President Trump's attempt to regulate how Twitter, Facebook and other platforms treat speech by users violates the First Amendment, a coalition of digital rights groups and voter advocacy organizations alleges in a lawsuit filed Thursday.
The groups are seeking a declaration that Trump's recent executive order regarding social media platforms is unconstitutional, and an injunction blocking the order's implementation.
The order is “fundamentally incompatible with the First Amendment," Rock the Vote, Vote Latino, Common Cause, Free Press and Maplight say in a lawsuit brought Thursday in U.S. District Court for the Northern District of California.
“It is unlawfully retaliatory and coercive, sending a clear and chilling message: question President Trump and face retribution from the entire Executive Branch,” the lawsuit states. The digital rights group Electronic Frontier Foundation represents the organizations.
In May, Trump signed an order that aims to tie web companies' protection from lawsuits based on users' speech to the companies' content moderation policies.
The order specifically directed the Commerce Department to petition the Federal Communications Commission to craft regulations that could deprive online platforms of the protections of Section 230 of the Communications Decency Act. That law currently immunizes Twitter, Facebook, YouTube and other websites from civil suits based on material posted by users.

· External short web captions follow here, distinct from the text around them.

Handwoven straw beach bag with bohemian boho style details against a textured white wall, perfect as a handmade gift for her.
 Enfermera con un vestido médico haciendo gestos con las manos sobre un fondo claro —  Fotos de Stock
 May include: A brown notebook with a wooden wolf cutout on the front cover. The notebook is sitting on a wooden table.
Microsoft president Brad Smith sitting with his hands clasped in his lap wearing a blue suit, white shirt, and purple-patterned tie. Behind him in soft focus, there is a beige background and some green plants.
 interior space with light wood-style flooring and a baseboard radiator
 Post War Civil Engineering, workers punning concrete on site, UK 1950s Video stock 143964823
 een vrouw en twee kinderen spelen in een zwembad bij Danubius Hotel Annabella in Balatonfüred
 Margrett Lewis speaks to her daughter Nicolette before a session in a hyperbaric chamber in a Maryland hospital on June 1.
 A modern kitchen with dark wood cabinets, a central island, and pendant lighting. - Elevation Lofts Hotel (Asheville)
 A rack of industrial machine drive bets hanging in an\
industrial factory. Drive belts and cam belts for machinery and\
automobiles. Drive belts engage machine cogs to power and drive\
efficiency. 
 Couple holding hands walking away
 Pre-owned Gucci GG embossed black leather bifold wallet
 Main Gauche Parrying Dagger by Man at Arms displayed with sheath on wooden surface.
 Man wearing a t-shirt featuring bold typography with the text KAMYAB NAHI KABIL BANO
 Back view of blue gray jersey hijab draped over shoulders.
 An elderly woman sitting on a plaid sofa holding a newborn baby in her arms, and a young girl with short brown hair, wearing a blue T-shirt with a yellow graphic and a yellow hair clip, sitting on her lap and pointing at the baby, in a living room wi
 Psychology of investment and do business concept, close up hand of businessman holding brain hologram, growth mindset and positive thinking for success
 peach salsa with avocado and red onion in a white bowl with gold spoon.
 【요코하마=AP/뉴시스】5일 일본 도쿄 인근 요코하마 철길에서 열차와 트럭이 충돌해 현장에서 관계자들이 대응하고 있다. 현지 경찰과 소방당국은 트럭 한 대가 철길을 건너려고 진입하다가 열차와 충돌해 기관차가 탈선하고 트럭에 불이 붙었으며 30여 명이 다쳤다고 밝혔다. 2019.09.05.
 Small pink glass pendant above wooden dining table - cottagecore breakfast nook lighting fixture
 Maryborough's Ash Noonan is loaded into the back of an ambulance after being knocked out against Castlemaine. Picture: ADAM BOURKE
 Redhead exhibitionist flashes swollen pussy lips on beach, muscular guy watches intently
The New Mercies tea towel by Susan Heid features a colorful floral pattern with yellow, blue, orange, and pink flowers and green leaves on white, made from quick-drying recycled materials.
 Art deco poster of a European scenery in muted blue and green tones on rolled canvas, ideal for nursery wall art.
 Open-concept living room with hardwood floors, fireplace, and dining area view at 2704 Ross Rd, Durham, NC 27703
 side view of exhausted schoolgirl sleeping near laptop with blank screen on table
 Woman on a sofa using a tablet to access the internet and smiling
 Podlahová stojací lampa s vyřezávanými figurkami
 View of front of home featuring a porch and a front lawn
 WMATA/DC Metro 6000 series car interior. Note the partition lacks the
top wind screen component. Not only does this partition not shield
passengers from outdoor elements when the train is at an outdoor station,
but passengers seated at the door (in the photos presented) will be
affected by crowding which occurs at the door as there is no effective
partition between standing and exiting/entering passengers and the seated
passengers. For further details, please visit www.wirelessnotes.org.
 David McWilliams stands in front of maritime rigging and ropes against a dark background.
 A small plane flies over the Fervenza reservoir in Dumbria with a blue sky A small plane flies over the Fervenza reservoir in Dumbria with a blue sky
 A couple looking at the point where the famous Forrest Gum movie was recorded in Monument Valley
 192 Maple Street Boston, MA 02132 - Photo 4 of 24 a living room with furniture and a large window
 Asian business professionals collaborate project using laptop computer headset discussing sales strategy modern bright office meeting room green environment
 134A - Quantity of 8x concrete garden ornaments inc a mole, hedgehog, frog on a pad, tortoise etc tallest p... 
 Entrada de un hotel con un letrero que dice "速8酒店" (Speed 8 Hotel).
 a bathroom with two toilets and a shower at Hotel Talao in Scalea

The Commerce Department filed its petition last month, and the FCC is currently accepting comments on it.
Trump issued the executive order after Twitter alerted users to dubious claims relating to voter fraud in two of his tweets.
Rock the Vote and the other challengers argue the order could discourage websites from correcting misinformation -- including false information about voting.
“Online platforms will reasonably respond to the punitive, threatening measures directed by the Executive Order by rolling back their moderating functions,” the lawsuit states. “The Executive Order also will discourage online platforms from engaging in fact-checking partnerships with organizations like plaintiffs, for fear of being viewed as actively working to factcheck the President and his allies.”
The organizations add that “unchecked misinformation” posted by Trump (and others with large followings) can spread quickly.
“This creates confusion for voters, hampers education and advocacy efforts to make elections safe and accessible through procedures such as absentee voting and vote-by-mail, and undermines faith in election systems,” the groups write. “Online platforms’ moderation function is essential to correct the spread of false information, and that moderation function is protected by the First Amendment.”
The groups add: “The effect of the Executive Order--encouraging the spread of misinformation about vote-by-mail, impeding voter registration initiatives, discouraging broader access to voting, and encouraging the spread of other kinds of misinformation and harmful content--flies in the face of the critical purposes plaintiffs serve, frustrates their missions, and will require them to divert scarce resources to combat misinformation."
Earlier this year, the Center for Democracy and Technology filed a separate lawsuit challenging the order. That case is pending in federal court in Washington, D.C.